* WORK REQUIRED:
An exact restatement of all the data is required, with the pictures left out.

* SUPPLIED MATERIAL:
-- -- --

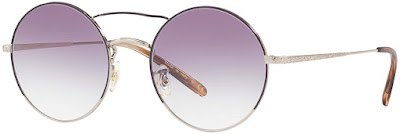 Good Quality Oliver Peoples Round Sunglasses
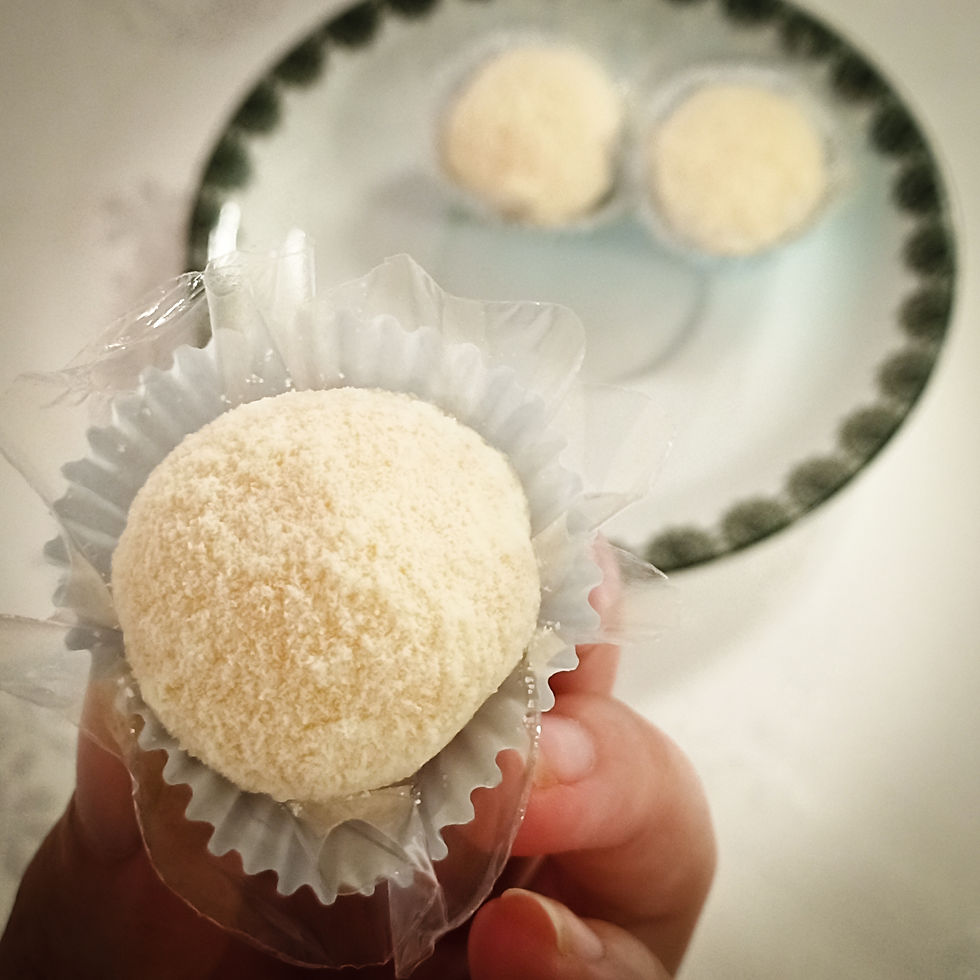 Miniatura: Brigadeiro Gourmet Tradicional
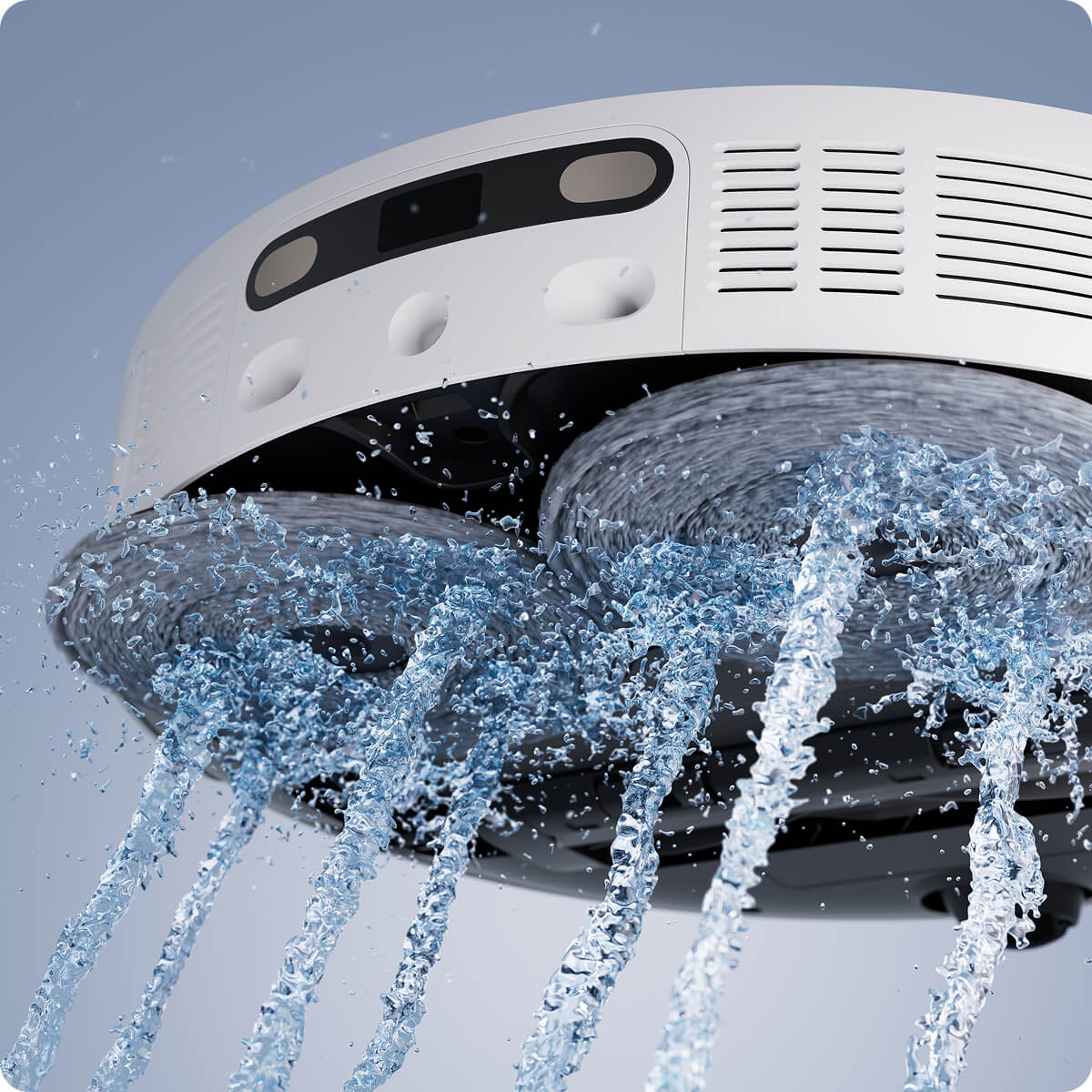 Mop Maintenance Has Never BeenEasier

-- -- --

* YOUR RESPONSE:
 Good Quality Oliver Peoples Round Sunglasses
 Miniatura: Brigadeiro Gourmet Tradicional
 Mop Maintenance Has Never BeenEasier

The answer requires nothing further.